Once again, I finish my first day with a king’s cup before me, once again talking to new strangers, and once again pinching myself that I’ve made it this far. What a year it’s going to be.”

Ruby Frances O’Shea, Junior Freshman English student:

When I awoke on Monday morning to see the time was 11.40 am, it felt like my swanky new Halls bedroom was going to fall on my head. I had missed my orientation meeting, the Most Important Thing this entire week. In my admittedly poor defence, I was jetlagged and had forgotten to set an alarm in my tired and tipsy Sunday night daze. I grovelled to my tutor via email and decided it could only get better from here.

At the Freshers’ Fair I signed up for far too much, but the societies I’m truly “buzzing” about are Environmental  Soc and Trinity FM. I’d even like to pitch a radio show today if I get the chance.

My first proper night out was Cóisir in D8. The security on the LUAS weren’t tolerating any antics and so I’ve seen it can be stricter here than where I’m from. Tragically, after ordering my €8 gin and tonic, I realised the prices weren’t going to be much better than they are in London either.

After receiving an extremely thorough Irish history and politics lesson (thanks Bill!), we decided to call it a night and head home in time for hummus and toast. I’ve just woken up, not covered in UV paint this time, and am planning today’s Aldi trip in time for the next sesh.

Grainne Sexton, Junior Freshman BESS student:

Monday morning dawned along with the euphoria and slight nerves I’ve been experiencing since the CAO offers came out. Sharing a house with other first years meant that each of us ate breakfast in a strange silent excitement. Our reward and redemption following the pain of the Leaving Cert had finally arrived. Coming from a foreign land known as “Cark”, a hefty chunk of my morning was spent navigating the Big Smoke, trying to suppress my irritation at the grating Dublin accent. Oh how I miss the softly lilting, dulcet tones of Cork natives. Many of my fellow culchies will know that it is engrained in one’s psyche to become accustomed to country buses arriving only on the hour and costing a fiver for a single ticket to town. For all of us rural dwellers, fresh-faced and still smelling of silage, the Dublin public transport is utopia. I’m like a child on the Luas, beaming in awe as we speed efficiently about the place for less than €3.

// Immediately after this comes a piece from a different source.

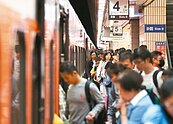 10分鐘未出站加收15元　台鐵暫喊卡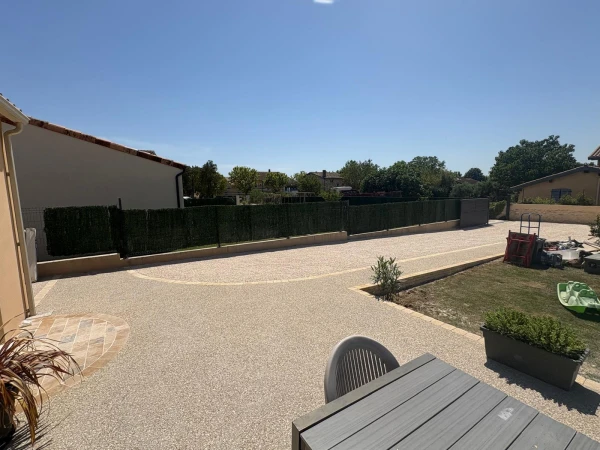 Cour en Gravistar Terrasse en Béton désactivé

Perhaps the most apt metaphor for my reaction to Front Square is the classic “child in a sweetshop”. I was overly enthusiastic, maybe a little overwhelmed and on a buzz from the innate energy radiating within Trinity on Monday morning. Despite my lack of athletic prowess, I was convinced to join multiple sports clubs. As I threw coins at clubs, I managed to forget the promise I had made to my parents to “spend wisely”. “Shur I’m investing in my health”, I comforted myself. My society shopping spree was followed up with an inaugural visit to The Buttery. The cheap meal deals proved to be thrilling and I found myself continuously staring at the board advertising a pasta dinner for only €4. Content with my appropriately greasy lunch, next on the agenda my student card. There isn’t much to say on that front apart from the fact that I heard several groans bemoaning the card photo, including my own sigh of horror when my face flashed up from beneath its laminated cover. We won’t dwell on it.

The day ended with a trip to watch the colours debate staged by The Phil (the motion: “This house believes that UCD is purgatory”).It was a rite of passage to sit with fellow freshers in the hallowed chamber of the GMB, wide-eyed over what The Phil had to offer to us. By the end of the evening, my stomach ached from laughter, I was in awe of the many amazing speakers and an innate sense of snobbery towards UCD had been fostered. I would expect nothing less from a wonderful first day at Trinity.